Four Seasons Marketing: How to Run Seasonal Promotions


Thinking ahead about your audience’s needs is an essential part of any effective marketing strategy. 

But what does that look like when your customers’ needs are constantly changing and evolving?

Especially when many of their needs are influenced by trends, traditions, and opportunities that are only available or popular during certain times of the year.

Enter: Four seasons (or seasonal) marketing. 

Holiday shopping, seasonal activities, and community traditions can all create temporarily high customer volume for some products and services — and slow periods for others.

That’s why preparation is key here.

With a detailed seasonal marketing strategy, your organization can make powerful connections with your audience and gain insight into how to maximize the most crucial times of the year.

Ready to learn more? 

In today’s article, we’re sharing a quick guide to four seasons marketing that you can utilize in 2022. 

But first …

What is seasonal marketing?

Seasonal marketing is a promotional strategy you use to respond to changes in customer behaviors at specific times of the year.

People’s needs, motivations, and availability to access products and services fluctuate throughout the year, and it’s up to savvy marketers like you to predict and accommodate these changes.

The great thing about seasonal marketing is that it can be customized to benefit any business. 

Depending on the products or services you offer, notable portions of the calendar can impact your target audience in different ways.

Weather changes, cultural customs, and seasonal trends can create advantages or disadvantages for certain types of businesses.

But knowing how to leverage seasonal marketing can help you feel prepared to make the most of each opportunity so you can continually engage with your customers in fresh and meaningful ways.

With that said, here are some seasonal marketing highlights to keep in mind:


It’s no secret that retail-heavy holidays like Halloween, Thanksgiving, and Christmas lead to a flurry of spending and marketing activities year after year. 

Putting careful thought into how your organization engages in holiday-themed marketing can help you find ways to build an important part of your brand identity.

Sometimes this means finding ways to innovate. 

Major holidays are great opportunities to roll out a new product, service, or package for your customers to discover at just the right time.

Or, you might choose to connect with your audience’s sense of nostalgia by incorporating a piece of your marketing into a holiday tradition. 

For example, BC Clark Jewelers in Oklahoma City established a holiday-specific jingle at Christmas time in 1956.

66 years later, the jingle is as beloved among long-time city residents as any traditional carol.

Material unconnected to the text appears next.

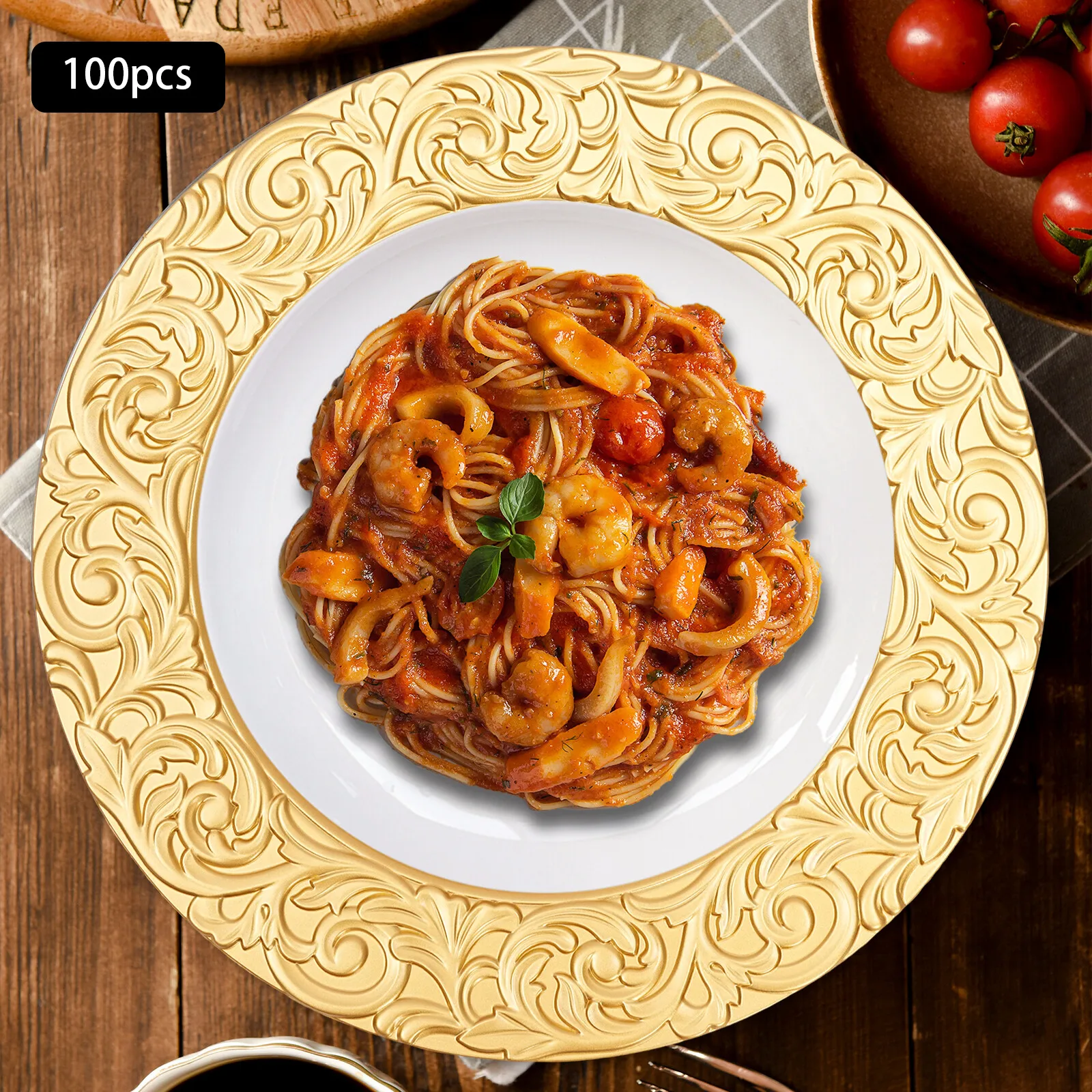 100Pcs 13 Inch Gold/Silver Charger Plates Round PP Plastic Service Plates with Embossed Rim for Wedding Banquet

Its quirky charm has been featured on national talk shows and in other media. This creates a fun, insider feeling among fans and uniquely elevates the brand’s intrinsic value.

Increasingly, dates celebrating fun habits and products or drawing attention to important social issues are popping up on the calendar.

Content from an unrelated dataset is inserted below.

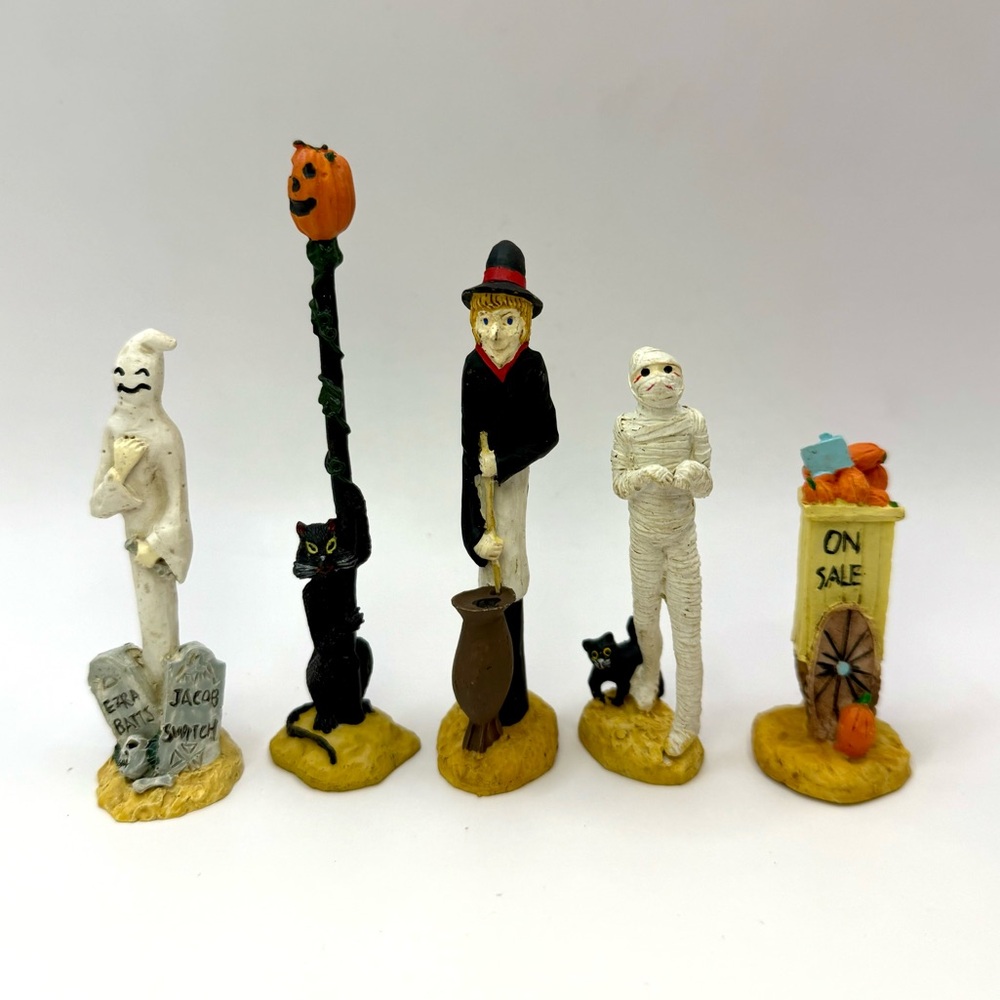 Vintage 5 Skinny Halloween Figurines Cat, Skeleton, Ghost, Pumpkin Cart & Witch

A resource like the National Day Calendar can help you think about ways to get in on the fun or align your organization with the values for which you want it to be known. (Hint: Your values should line up with your audience’s, too.)

Something light-hearted like International Donut or Ice Cream Day can help you generate ideas for amusing promotions. 

And days set aside to celebrate marginalized groups of people or to raise awareness about those in need are great opportunities to connect your brand with worthy causes your audience cares about.


Businesses that sell season-specific products and services know to expect periodic rises and falls in consumer interest. But brands like this can still work to maintain and increase their visibility at all times, especially when the seasons change.

For instance, if you deal in watersports equipment, gardening supplies, or specialized clothing and accessories, you’re probably intimately aware of how your customer’s needs change throughout the year.

Planning well in advance for peak times on the calendar and thinking outside of the box during the leaner months is crucial.

For example, if you run a tourist-based business, consider brainstorming ways to cater to locals during the off-season.

Or, if you own a fleet management company, consider using the traditionally low winter season to market electronic logging devices to keep drivers safe in winter conditions.

Or, if you usually specialize in selling winter clothing only, you might consider creating a summer, fall, and spring line, too, to cater to customers during all times of the year. 

Keeping ideas fresh throughout the year is key to developing a stronger identity so you can cultivate long-term interest and sustainability.

Milestones and events

Some popular shopping events have taken on a life of their own. 

That’s why it’s important to prepare for annual milestones and events like the back-to-school season and Black Friday in much the same way you’d ramp up for more traditional holidays.

Surveying your audience to get a better feel for their needs, conducting A/B testing to solidify campaigns, and crafting an irresistible value proposition can help your brand stand out from the crowd so you can make the most of these crucial times of the year.

Don’t forget to highlight meaningful promotions, sales, coupon codes, and BOGOs, too, to give your audience even more reasons to say yes.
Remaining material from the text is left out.